Aim of the exercise |
Without copying any picture, return all lines below exactly.

Data supplied |
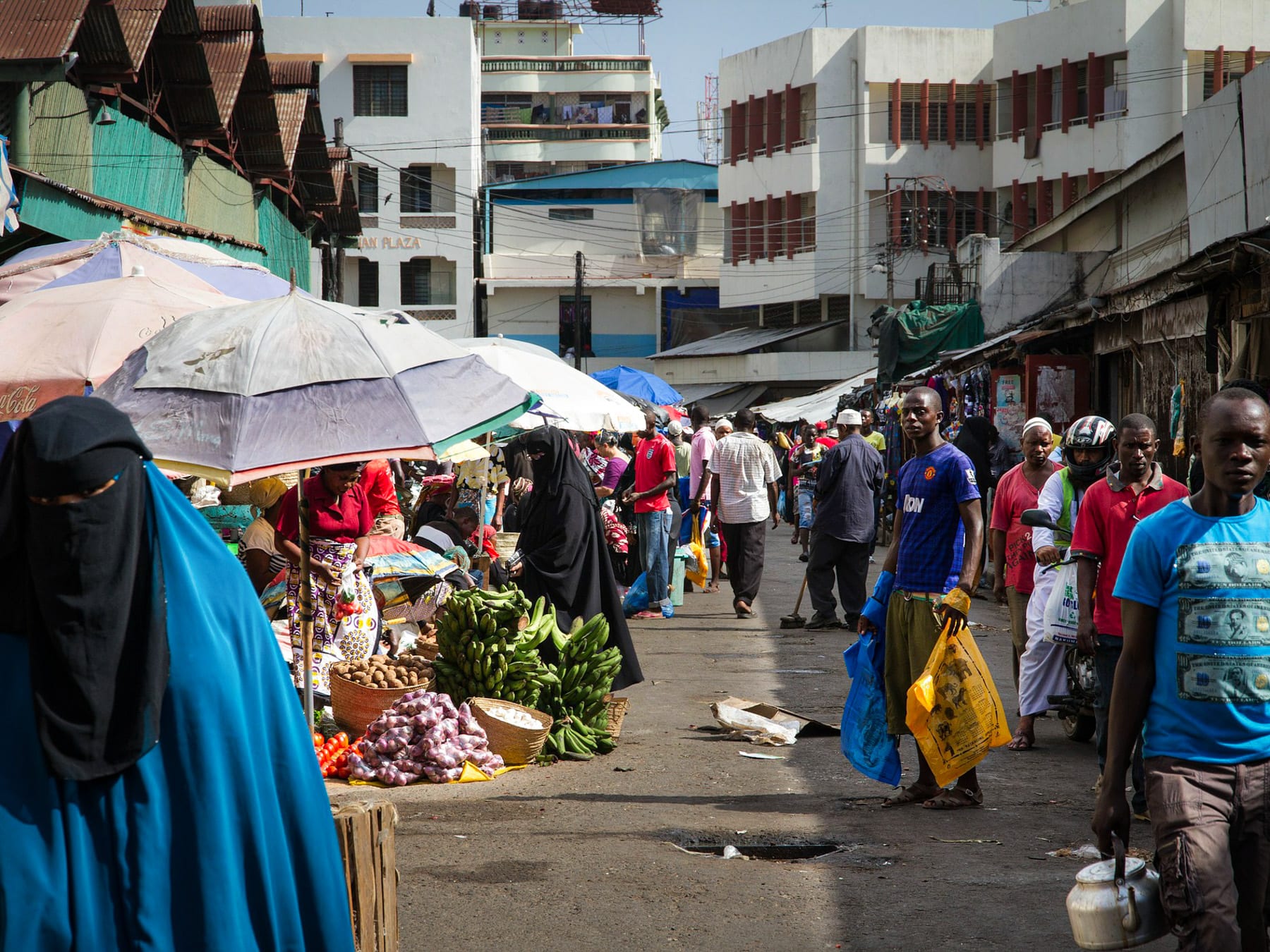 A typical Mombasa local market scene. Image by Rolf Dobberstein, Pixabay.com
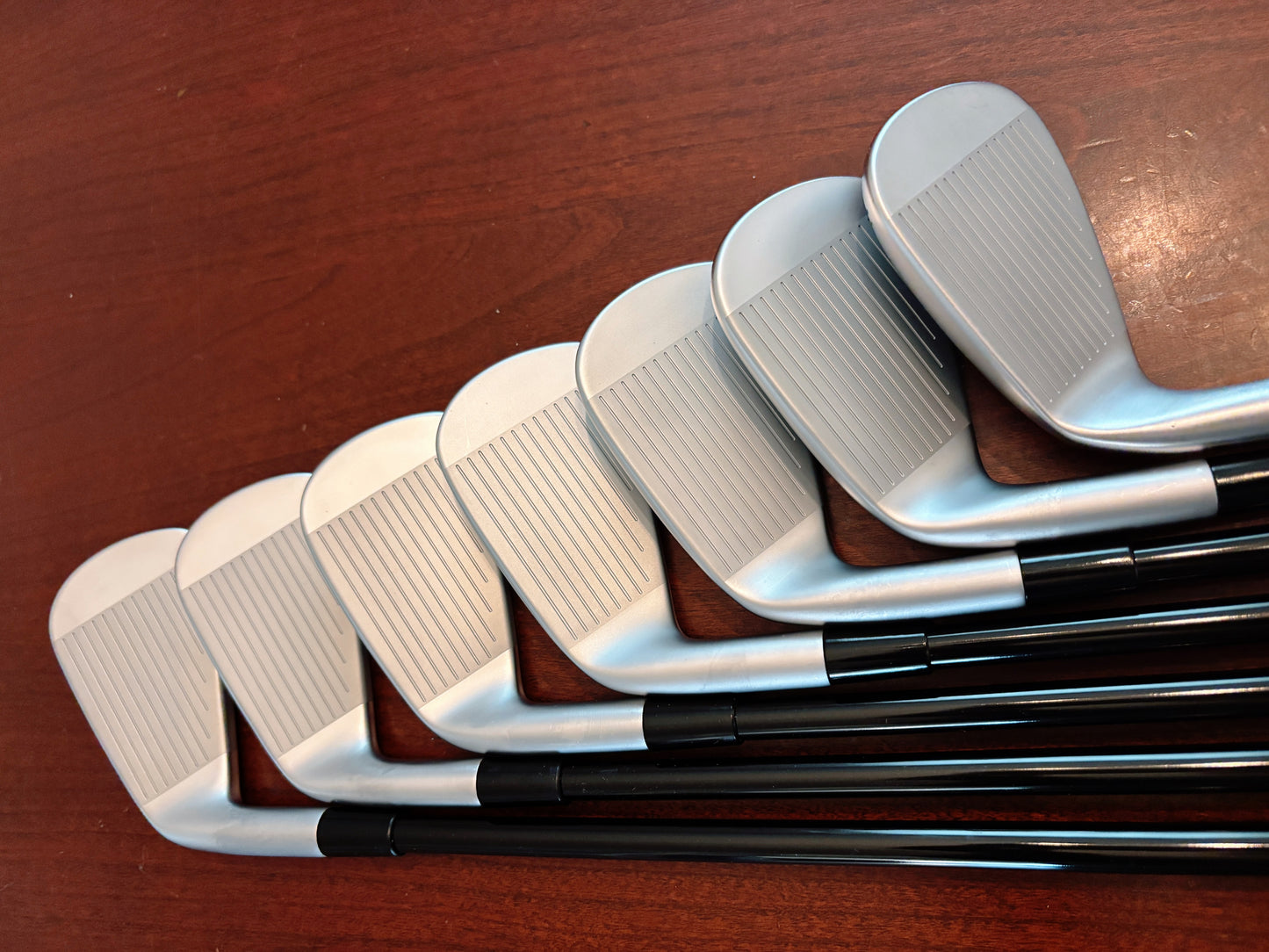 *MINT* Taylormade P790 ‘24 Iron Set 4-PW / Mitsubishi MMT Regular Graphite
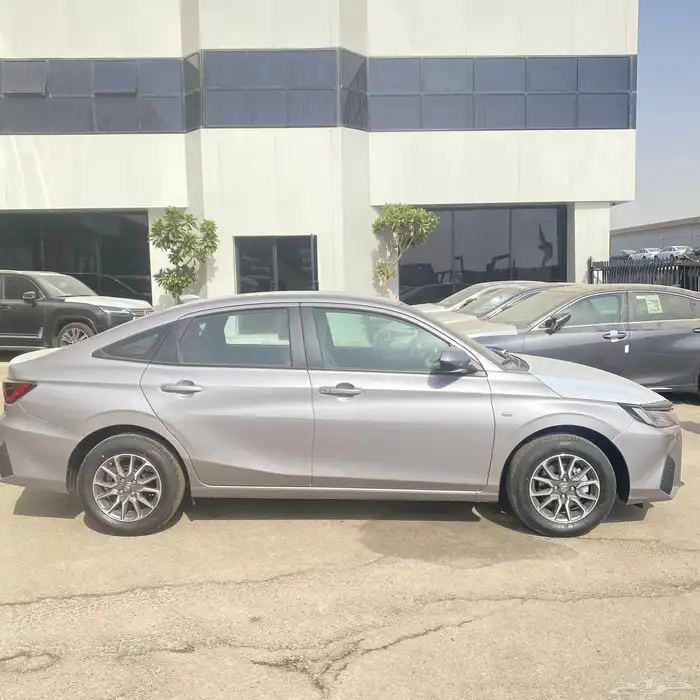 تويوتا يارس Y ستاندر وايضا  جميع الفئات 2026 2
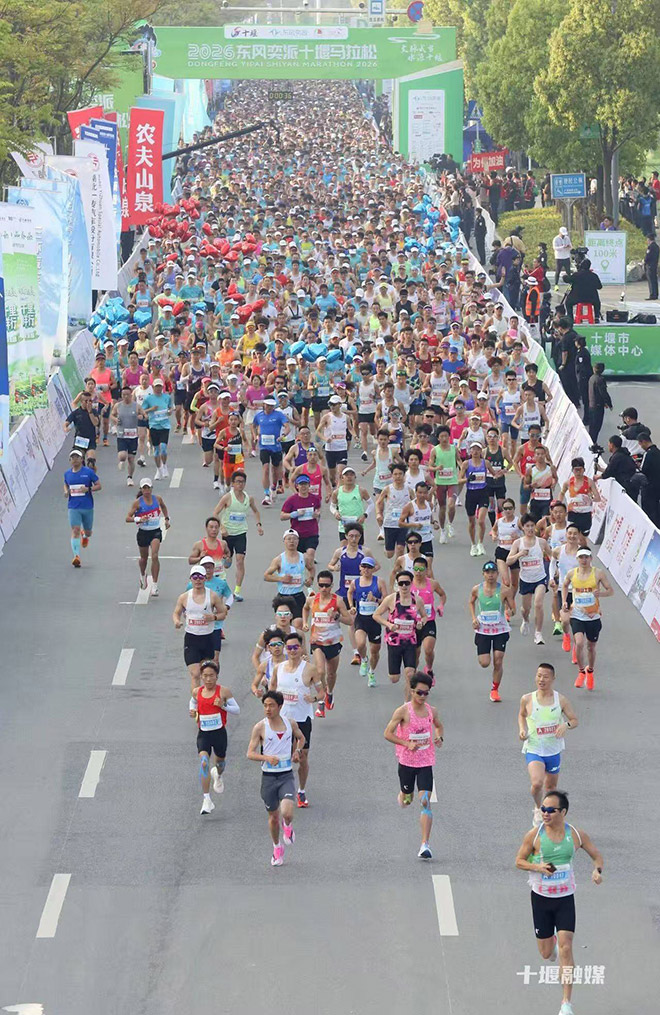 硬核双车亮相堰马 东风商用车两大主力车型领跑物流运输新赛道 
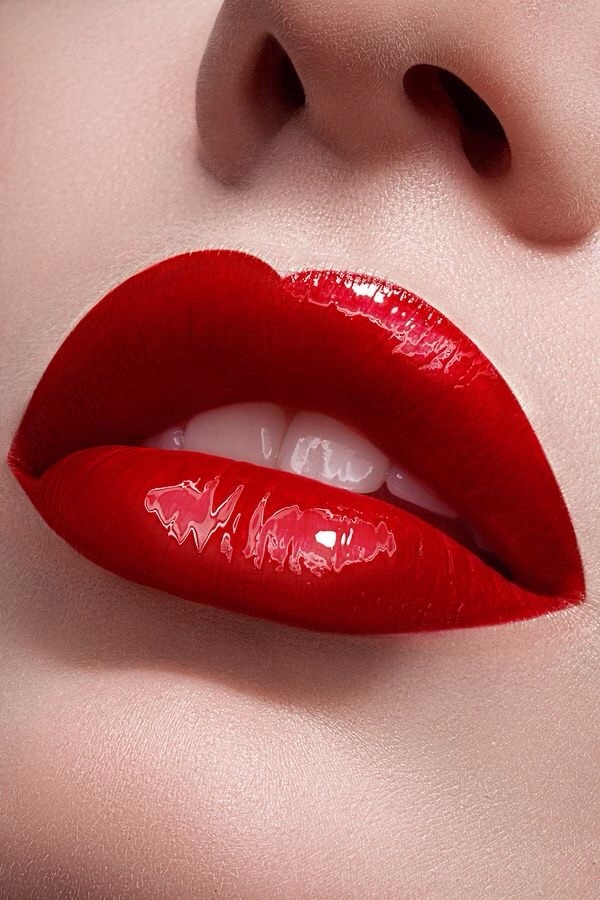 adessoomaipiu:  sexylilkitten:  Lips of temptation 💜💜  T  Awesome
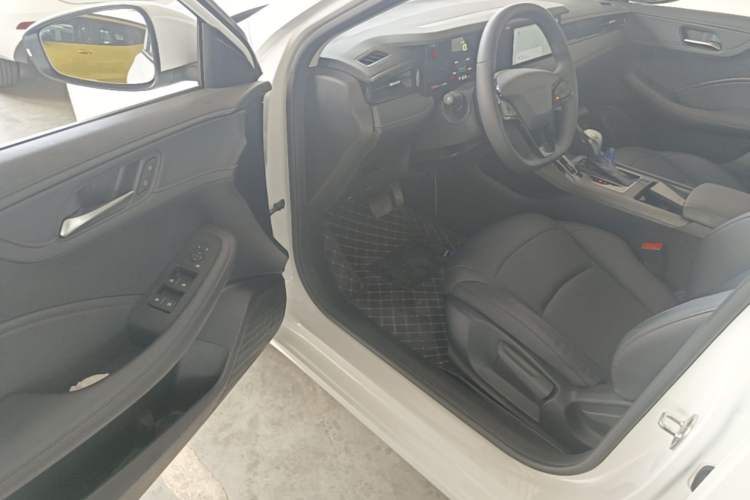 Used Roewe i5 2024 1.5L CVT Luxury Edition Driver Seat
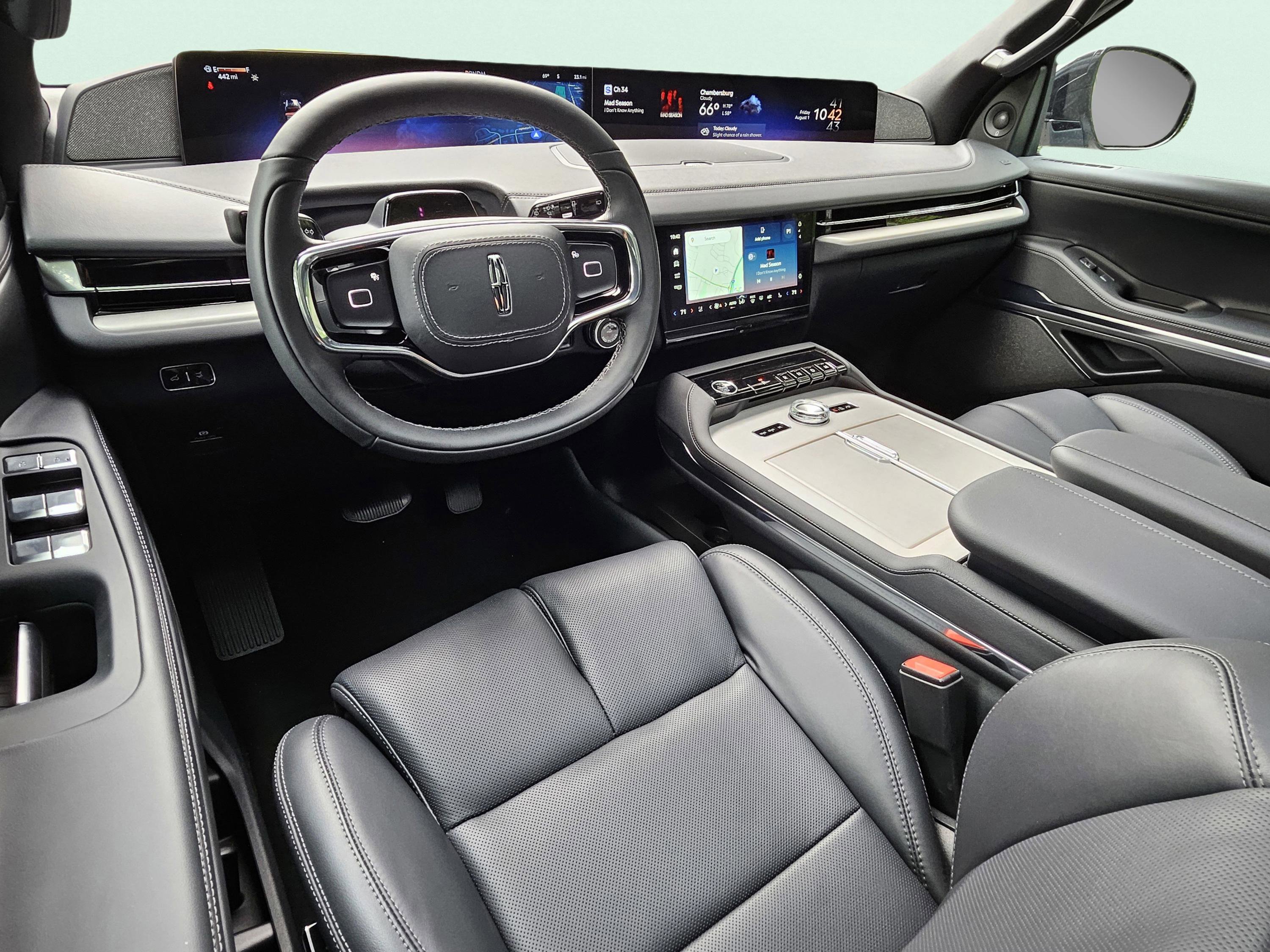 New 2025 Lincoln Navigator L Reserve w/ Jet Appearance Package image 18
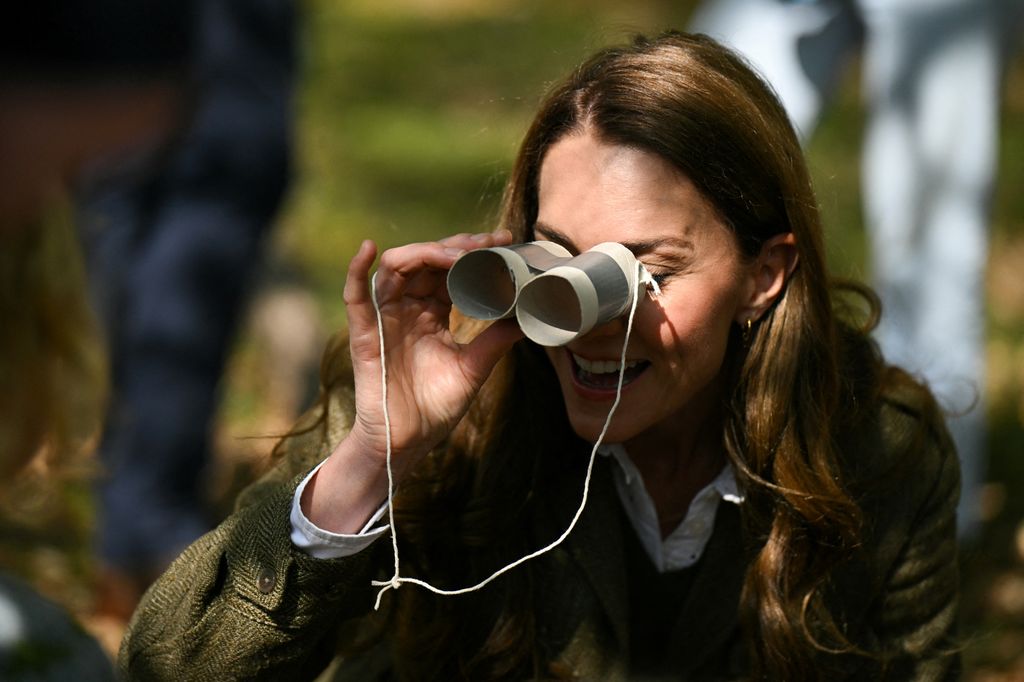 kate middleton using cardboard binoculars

Result of the task |
 A typical Mombasa local market scene. Image by Rolf Dobberstein, Pixabay.com
 *MINT* Taylormade P790 ‘24 Iron Set 4-PW / Mitsubishi MMT Regular Graphite
 تويوتا يارس Y ستاندر وايضا  جميع الفئات 2026 2
 硬核双车亮相堰马 东风商用车两大主力车型领跑物流运输新赛道 
 adessoomaipiu:  sexylilkitten:  Lips of temptation 💜💜  T  Awesome
 Used Roewe i5 2024 1.5L CVT Luxury Edition Driver Seat
 New 2025 Lincoln Navigator L Reserve w/ Jet Appearance Package image 18
 kate middleton using cardboard binoculars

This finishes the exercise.